• [WHAT YOU ARE ASKED TO DO]: Exactly reproduce all the records, keeping pictures out of the copy.
● ● ● ● ●
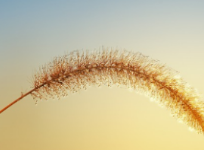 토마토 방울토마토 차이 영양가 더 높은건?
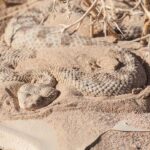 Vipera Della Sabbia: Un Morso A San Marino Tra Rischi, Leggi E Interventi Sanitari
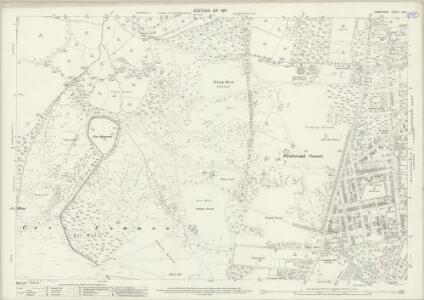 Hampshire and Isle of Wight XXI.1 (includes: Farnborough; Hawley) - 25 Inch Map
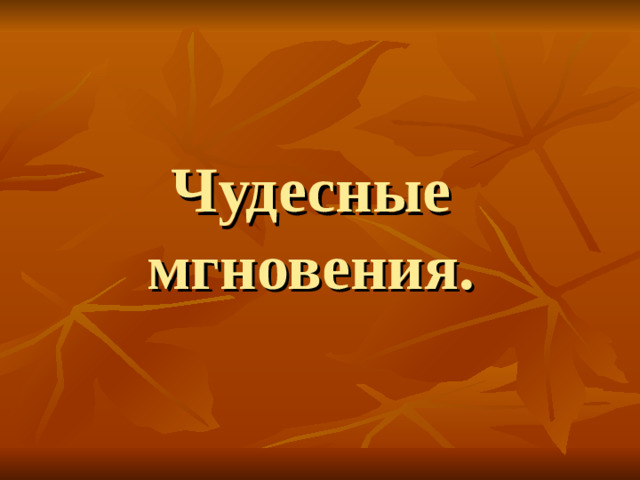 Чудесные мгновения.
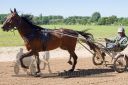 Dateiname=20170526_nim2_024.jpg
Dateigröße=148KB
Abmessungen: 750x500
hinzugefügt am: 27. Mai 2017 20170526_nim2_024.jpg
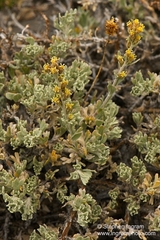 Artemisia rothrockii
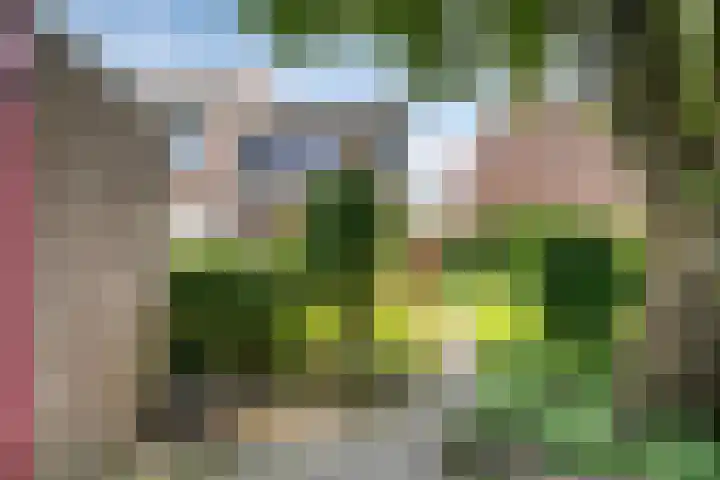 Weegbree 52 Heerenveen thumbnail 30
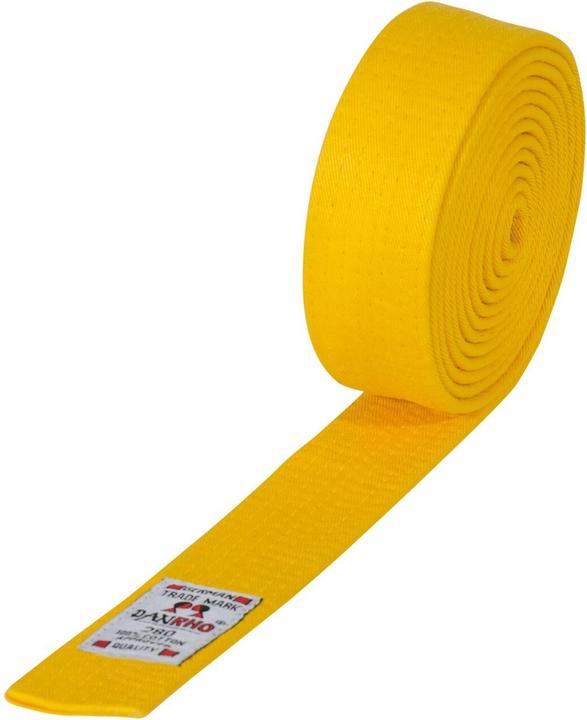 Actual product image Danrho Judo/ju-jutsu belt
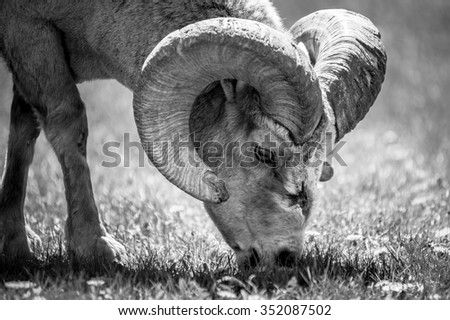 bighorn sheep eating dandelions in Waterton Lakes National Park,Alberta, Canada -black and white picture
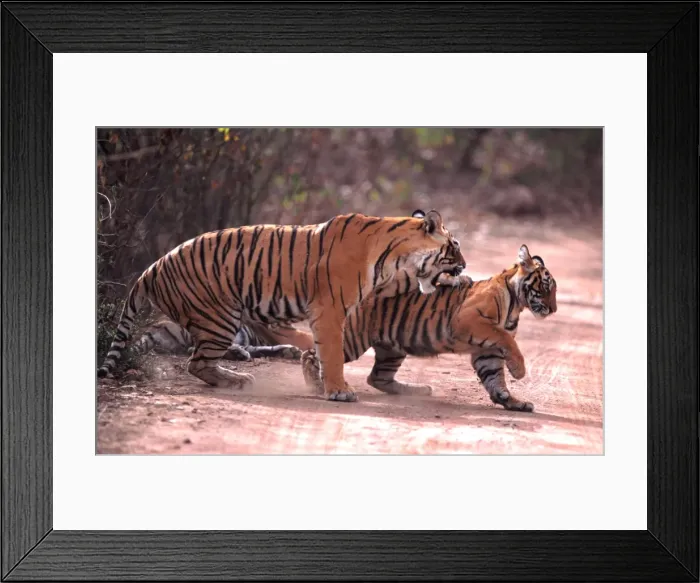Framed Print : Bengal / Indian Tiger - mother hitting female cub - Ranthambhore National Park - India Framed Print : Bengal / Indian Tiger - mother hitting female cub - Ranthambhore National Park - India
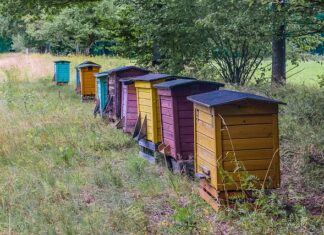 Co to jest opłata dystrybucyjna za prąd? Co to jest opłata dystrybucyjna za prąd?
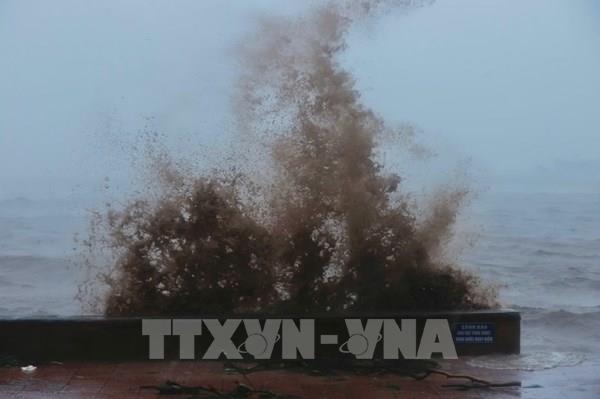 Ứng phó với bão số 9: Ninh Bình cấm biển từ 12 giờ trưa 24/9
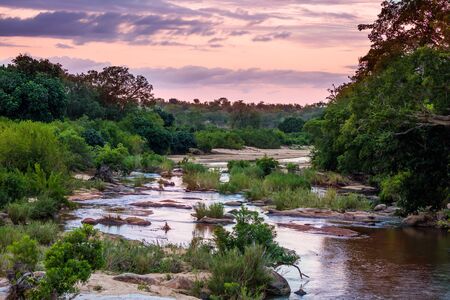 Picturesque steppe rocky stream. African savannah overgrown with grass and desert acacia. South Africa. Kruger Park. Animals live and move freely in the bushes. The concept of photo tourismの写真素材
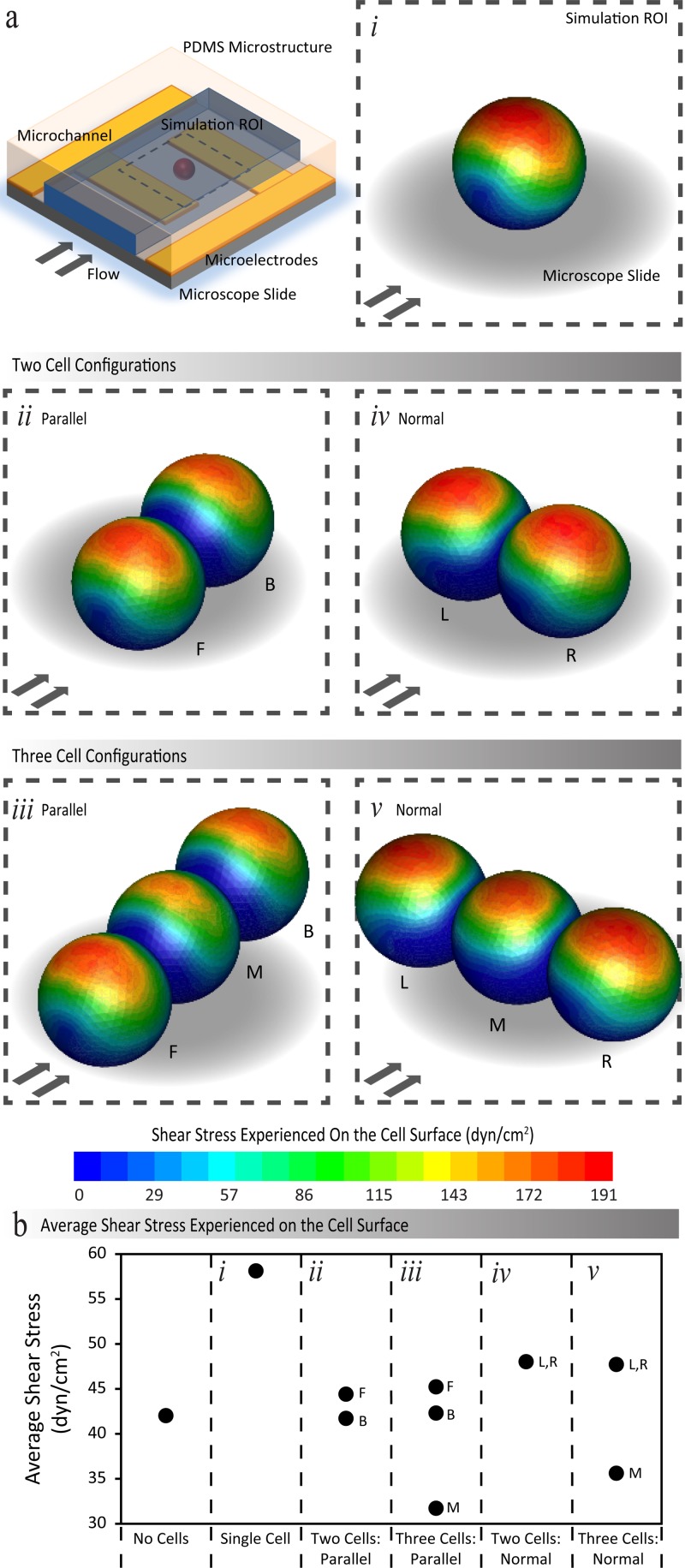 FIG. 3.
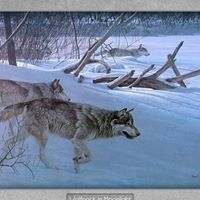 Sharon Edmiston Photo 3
● ● ● ● ●
• [ANSWER BELOW]:
 토마토 방울토마토 차이 영양가 더 높은건?
 Vipera Della Sabbia: Un Morso A San Marino Tra Rischi, Leggi E Interventi Sanitari
 Hampshire and Isle of Wight XXI.1 (includes: Farnborough; Hawley) - 25 Inch Map
 Чудесные мгновения.
 Dateiname=20170526_nim2_024.jpg
Dateigröße=148KB
Abmessungen: 750x500
hinzugefügt am: 27. Mai 2017 20170526_nim2_024.jpg
 Artemisia rothrockii
 Weegbree 52 Heerenveen thumbnail 30
 Actual product image Danrho Judo/ju-jutsu belt
 bighorn sheep eating dandelions in Waterton Lakes National Park,Alberta, Canada -black and white picture
Framed Print : Bengal / Indian Tiger - mother hitting female cub - Ranthambhore National Park - India Framed Print : Bengal / Indian Tiger - mother hitting female cub - Ranthambhore National Park - India
 Co to jest opłata dystrybucyjna za prąd? Co to jest opłata dystrybucyjna za prąd?
 Ứng phó với bão số 9: Ninh Bình cấm biển từ 12 giờ trưa 24/9
 Picturesque steppe rocky stream. African savannah overgrown with grass and desert acacia. South Africa. Kruger Park. Animals live and move freely in the bushes. The concept of photo tourismの写真素材
 FIG. 3.
 Sharon Edmiston Photo 3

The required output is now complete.